Ce qui est aujourd'hui sur la table ne nous paraît pas complet. Arnaud Rousseau (Président de la FNSEA)
Au-delà de ce projet de loi, le gouvernement envisage de faire à nouveau évoluer les dispositifs issus des États généraux de l'alimentation : un texte, issu des conclusions de la mission confiée aux députés Anne-Laure Babault (Démocrate) et Alexis Izard (Renaissance), devrait être présenté cet été. Celui-ci pourrait notamment contenir une "évolution du cadre législatif et réglementaire des lois EGalim et, plus globalement, des négociations commerciales", a récemment expliqué la ministre déléguée auprès du ministre de l'Agriculture et de la Souveraineté alimentaire, Agnès Pannier-Runacher. D'autres mesures relatives à la fiscalité pourraient également être introduites lors de l'examen du projet de loi de finances 2025.
Cette multitude de réformes, contenue dans des textes très différents, est critiqué par Dominique Potier (Socialistes) qui s'est dit, lors de l'audition d'Arnaud Rousseau, "décontenancé par le caractère gribouille de la diversité des lois qui vont arriver dans une chronologie que nous ne connaissons pas".

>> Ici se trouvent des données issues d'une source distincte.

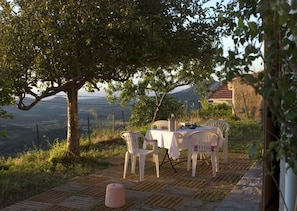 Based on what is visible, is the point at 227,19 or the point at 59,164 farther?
the point at 59,164

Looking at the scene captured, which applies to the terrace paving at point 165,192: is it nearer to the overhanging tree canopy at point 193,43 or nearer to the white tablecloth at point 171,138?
the white tablecloth at point 171,138

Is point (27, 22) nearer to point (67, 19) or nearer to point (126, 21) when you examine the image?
point (67, 19)

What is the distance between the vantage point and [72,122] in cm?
644

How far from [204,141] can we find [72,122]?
263 centimetres

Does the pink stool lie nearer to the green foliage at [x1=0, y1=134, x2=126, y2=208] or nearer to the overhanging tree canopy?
the green foliage at [x1=0, y1=134, x2=126, y2=208]

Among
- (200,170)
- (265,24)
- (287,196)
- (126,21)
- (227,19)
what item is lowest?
(200,170)

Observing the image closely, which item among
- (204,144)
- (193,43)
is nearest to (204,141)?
(204,144)

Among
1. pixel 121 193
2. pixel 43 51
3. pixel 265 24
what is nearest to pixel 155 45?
pixel 43 51

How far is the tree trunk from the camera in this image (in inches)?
251

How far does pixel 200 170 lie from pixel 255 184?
1.79 meters

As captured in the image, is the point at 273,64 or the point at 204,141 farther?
the point at 204,141

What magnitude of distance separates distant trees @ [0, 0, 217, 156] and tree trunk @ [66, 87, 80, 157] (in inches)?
25.7

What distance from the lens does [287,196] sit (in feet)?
6.26

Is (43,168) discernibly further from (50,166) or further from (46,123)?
(46,123) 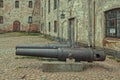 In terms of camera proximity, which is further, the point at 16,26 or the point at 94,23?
the point at 16,26

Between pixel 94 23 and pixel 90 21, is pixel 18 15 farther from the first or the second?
pixel 94 23

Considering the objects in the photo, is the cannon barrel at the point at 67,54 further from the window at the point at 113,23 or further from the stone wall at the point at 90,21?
the window at the point at 113,23

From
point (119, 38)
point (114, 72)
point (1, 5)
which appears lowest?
point (114, 72)

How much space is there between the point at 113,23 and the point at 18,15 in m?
27.4

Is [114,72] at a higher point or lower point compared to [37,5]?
lower

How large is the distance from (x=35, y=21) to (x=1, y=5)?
6103 millimetres

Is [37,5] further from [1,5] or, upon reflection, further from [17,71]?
[17,71]

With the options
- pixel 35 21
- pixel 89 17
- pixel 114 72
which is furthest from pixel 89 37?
pixel 35 21

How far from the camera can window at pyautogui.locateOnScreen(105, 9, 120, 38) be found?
418 inches

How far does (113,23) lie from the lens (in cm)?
1098

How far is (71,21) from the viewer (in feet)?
54.0

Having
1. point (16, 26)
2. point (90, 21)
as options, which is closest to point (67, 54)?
point (90, 21)

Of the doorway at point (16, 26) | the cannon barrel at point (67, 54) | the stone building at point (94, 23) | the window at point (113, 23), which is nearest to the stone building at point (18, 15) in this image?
the doorway at point (16, 26)

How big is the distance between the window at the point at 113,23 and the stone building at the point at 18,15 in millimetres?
26369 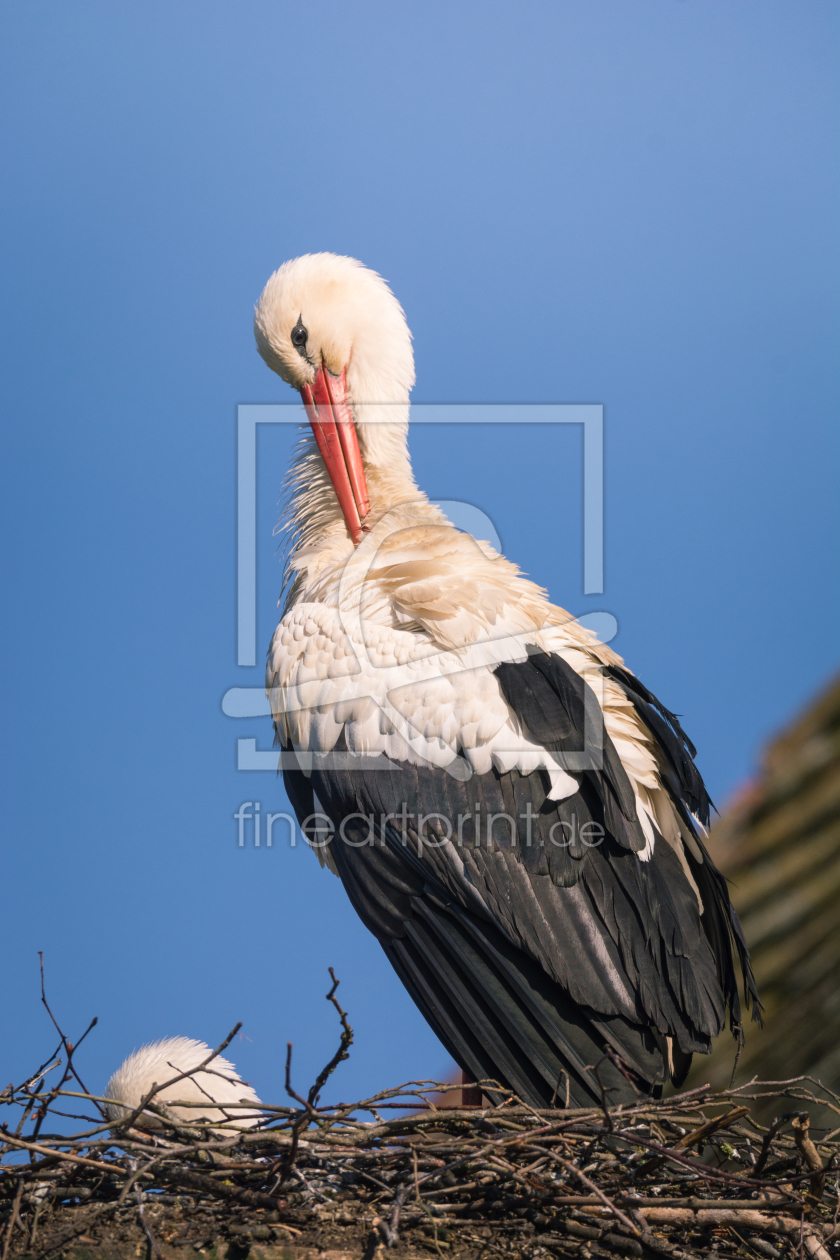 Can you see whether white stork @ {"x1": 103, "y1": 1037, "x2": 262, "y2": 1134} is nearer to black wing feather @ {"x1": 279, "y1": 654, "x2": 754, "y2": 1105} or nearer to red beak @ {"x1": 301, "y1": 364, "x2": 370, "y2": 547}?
black wing feather @ {"x1": 279, "y1": 654, "x2": 754, "y2": 1105}

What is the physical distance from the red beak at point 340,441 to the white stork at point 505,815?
272mm

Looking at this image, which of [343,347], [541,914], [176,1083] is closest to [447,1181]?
[541,914]

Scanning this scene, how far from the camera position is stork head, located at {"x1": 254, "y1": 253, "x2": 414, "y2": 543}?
4.00 metres

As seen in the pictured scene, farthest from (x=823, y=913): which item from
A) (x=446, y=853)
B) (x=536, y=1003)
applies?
(x=446, y=853)

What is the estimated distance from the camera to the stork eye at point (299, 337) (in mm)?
4058

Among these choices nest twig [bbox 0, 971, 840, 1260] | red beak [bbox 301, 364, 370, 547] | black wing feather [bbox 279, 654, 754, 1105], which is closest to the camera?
nest twig [bbox 0, 971, 840, 1260]

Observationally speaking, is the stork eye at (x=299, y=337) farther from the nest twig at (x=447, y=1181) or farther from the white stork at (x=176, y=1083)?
the nest twig at (x=447, y=1181)

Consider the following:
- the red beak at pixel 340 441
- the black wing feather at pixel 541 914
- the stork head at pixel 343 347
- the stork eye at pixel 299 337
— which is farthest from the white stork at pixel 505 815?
the stork eye at pixel 299 337

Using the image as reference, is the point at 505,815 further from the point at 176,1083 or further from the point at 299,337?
the point at 299,337

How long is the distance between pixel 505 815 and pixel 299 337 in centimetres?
207

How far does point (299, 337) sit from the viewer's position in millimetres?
4066

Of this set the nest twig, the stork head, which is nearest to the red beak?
the stork head

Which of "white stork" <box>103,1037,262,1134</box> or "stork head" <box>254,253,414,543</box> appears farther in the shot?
"stork head" <box>254,253,414,543</box>

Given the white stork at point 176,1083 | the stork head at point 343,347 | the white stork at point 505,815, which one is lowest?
the white stork at point 176,1083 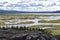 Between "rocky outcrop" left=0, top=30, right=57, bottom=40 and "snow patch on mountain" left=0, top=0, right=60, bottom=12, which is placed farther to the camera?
"snow patch on mountain" left=0, top=0, right=60, bottom=12

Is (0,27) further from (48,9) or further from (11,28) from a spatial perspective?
(48,9)

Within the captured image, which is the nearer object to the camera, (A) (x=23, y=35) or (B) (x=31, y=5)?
(A) (x=23, y=35)

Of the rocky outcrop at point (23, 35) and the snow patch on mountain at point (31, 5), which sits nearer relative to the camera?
the rocky outcrop at point (23, 35)

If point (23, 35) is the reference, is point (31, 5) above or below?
above

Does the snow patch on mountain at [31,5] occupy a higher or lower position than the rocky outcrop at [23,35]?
higher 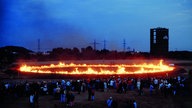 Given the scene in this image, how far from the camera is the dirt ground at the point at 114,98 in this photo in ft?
80.8

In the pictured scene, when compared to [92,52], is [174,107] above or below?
below

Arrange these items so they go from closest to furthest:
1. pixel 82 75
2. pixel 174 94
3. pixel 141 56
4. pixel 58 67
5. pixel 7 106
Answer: pixel 7 106, pixel 174 94, pixel 82 75, pixel 58 67, pixel 141 56

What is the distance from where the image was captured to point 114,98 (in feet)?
88.7

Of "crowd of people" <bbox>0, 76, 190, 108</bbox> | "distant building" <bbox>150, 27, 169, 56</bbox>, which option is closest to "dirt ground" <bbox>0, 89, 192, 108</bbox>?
"crowd of people" <bbox>0, 76, 190, 108</bbox>

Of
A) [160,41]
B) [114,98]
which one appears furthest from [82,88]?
[160,41]

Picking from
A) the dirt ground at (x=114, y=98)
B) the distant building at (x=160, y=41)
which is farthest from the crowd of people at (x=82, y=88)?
the distant building at (x=160, y=41)

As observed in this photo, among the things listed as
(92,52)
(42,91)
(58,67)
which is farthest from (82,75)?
(92,52)

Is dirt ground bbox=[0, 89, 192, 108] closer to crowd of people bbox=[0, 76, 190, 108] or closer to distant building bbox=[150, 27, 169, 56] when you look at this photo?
crowd of people bbox=[0, 76, 190, 108]

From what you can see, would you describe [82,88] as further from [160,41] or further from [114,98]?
[160,41]

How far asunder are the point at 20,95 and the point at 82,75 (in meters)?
11.7

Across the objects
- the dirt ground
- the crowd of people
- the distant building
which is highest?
the distant building

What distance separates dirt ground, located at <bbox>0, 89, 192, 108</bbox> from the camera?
80.8 feet

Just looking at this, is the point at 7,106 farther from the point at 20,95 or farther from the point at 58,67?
the point at 58,67

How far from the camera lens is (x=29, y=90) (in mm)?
28062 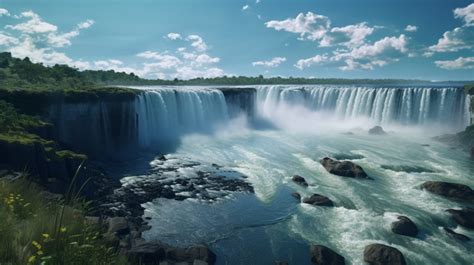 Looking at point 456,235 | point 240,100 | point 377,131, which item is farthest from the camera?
point 240,100

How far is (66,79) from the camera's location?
136ft

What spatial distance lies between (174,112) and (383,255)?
90.9 feet

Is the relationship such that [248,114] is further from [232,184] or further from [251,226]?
[251,226]

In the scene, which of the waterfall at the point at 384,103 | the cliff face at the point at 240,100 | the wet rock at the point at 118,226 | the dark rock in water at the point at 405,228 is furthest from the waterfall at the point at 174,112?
the dark rock in water at the point at 405,228

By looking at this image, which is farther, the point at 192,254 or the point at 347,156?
the point at 347,156

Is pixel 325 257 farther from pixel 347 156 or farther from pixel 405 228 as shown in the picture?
pixel 347 156

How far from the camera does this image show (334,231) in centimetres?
1434

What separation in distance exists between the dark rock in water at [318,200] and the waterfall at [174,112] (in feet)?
60.3

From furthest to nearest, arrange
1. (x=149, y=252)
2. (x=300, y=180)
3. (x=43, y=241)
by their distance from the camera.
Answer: (x=300, y=180)
(x=149, y=252)
(x=43, y=241)

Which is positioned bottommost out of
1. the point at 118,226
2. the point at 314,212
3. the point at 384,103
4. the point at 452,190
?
the point at 314,212

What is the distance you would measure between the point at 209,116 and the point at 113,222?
91.2 ft

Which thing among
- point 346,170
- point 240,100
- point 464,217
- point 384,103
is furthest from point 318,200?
point 384,103

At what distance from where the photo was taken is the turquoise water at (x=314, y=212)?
1303 centimetres

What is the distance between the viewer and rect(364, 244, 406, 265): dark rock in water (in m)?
11.9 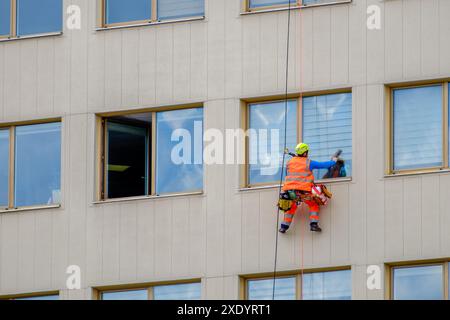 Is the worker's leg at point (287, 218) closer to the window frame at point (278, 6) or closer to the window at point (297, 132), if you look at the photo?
the window at point (297, 132)

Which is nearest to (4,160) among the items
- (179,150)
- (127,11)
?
(179,150)

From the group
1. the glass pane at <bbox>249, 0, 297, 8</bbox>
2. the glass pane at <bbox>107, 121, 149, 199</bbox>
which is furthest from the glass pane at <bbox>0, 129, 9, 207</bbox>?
the glass pane at <bbox>249, 0, 297, 8</bbox>

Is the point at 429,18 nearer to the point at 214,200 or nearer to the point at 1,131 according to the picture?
the point at 214,200

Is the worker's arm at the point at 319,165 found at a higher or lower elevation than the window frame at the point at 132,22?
lower

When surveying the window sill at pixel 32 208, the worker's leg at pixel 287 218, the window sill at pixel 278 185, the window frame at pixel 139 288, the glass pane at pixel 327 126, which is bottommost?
the window frame at pixel 139 288

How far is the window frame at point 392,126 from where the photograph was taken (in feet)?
192

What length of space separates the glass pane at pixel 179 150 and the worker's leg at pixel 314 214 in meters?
2.65

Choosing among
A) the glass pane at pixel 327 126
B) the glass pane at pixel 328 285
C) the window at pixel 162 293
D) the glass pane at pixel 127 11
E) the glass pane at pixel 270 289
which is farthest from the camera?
the glass pane at pixel 127 11

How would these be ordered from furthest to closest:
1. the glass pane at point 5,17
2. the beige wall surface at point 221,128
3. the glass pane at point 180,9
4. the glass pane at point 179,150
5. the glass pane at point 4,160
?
the glass pane at point 5,17, the glass pane at point 4,160, the glass pane at point 180,9, the glass pane at point 179,150, the beige wall surface at point 221,128

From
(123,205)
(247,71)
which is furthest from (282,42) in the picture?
(123,205)

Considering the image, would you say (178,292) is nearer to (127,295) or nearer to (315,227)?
(127,295)

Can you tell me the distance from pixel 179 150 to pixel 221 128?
118cm

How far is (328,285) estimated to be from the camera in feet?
193

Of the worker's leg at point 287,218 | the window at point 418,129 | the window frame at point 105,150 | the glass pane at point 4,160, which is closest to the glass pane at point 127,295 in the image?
the window frame at point 105,150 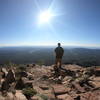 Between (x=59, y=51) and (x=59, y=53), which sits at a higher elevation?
(x=59, y=51)

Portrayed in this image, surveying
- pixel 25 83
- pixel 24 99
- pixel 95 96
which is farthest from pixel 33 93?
pixel 95 96

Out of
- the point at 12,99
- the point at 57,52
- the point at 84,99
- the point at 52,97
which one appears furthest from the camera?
the point at 57,52

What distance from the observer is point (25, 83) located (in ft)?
20.8

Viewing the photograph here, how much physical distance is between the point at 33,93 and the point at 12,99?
3.46ft

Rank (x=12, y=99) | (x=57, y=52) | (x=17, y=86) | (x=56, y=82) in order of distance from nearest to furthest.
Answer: (x=12, y=99)
(x=17, y=86)
(x=56, y=82)
(x=57, y=52)

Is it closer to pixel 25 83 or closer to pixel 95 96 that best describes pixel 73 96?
pixel 95 96

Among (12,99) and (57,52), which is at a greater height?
(57,52)

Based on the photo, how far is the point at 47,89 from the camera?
6164 millimetres

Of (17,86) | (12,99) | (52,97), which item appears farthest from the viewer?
(17,86)

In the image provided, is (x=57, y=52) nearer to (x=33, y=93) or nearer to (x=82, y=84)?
(x=82, y=84)

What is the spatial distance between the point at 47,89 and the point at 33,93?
126 cm

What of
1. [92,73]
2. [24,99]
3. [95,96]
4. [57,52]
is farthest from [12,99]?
[57,52]

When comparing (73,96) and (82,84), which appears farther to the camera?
(82,84)

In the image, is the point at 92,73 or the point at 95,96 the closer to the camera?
the point at 95,96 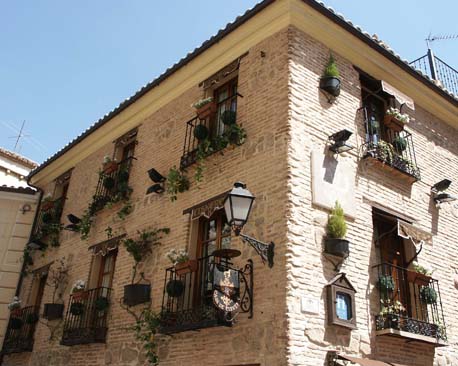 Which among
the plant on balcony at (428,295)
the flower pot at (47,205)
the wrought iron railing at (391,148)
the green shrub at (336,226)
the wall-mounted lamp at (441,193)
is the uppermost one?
the flower pot at (47,205)

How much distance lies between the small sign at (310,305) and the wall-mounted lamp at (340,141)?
242 cm

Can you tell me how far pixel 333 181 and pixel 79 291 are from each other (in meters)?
5.42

L'élu socialiste a fait partie des députés qui ont voté, en première lecture et contre l'avis du gouvernement et de la majorité, la proposition de loi écologiste "visant à garantir un revenu digne aux agriculteurs et à accompagner la transition agricole". Adopté le 5 avril par les députés de gauche et les membres du groupe LIOT, le texte propose d'instaurer un mécanisme de "prix planchers" pour les productions agricoles. "Cette victoire pose l'intention de la majorité de l'Assemblée nationale avant la loi d'orientation agricole", a affirmé la rapporteure de la proposition Marie Pochon (Ecologiste) dans la perspective de l'examen du projet de loi.
"Le projet de loi [du gouvernement] ne répond à aucune des urgences pour notre agriculture, urgences exprimées ces dernières semaines" ont, de leur côté, écrit les députés de La France insoumise dans un communiqué de presse. Le groupe présidé par Mathilde Panot regrette notamment l'absence de "mesures ambitieuses" sur "l'accès au foncier". Autre source d'inquiétude : de possibles "régressions", notamment vis-à-vis du respect des "normes environnementales".
Le Rassemblement national critique, lui aussi, le projet de loi d’orientation "pour la souveraineté en matière agricole et le renouvellement des générations en agriculture" : "Des mesures courageuses impliqueraient une remise en question de certains tabous, à commencer par la multiplication des normes et la concurrence déloyale", a estimé Nicolas Meizonnet (RN), devant la commission des affaires économiques, le 10 avril dernier. Le député a également mis en cause les "normes délirantes imposées par Bruxelles", "l'idée d'une décroissance sur fond d'écologie punitive et de multiplication des normes" et "certains accords de libre-échange".
Le projet de loi sera examiné à partir de demain, mardi, et toute la semaine par la commission des affaires économiques, avant d'être débattu dans l'hémicycle de l'Assemblée nationale.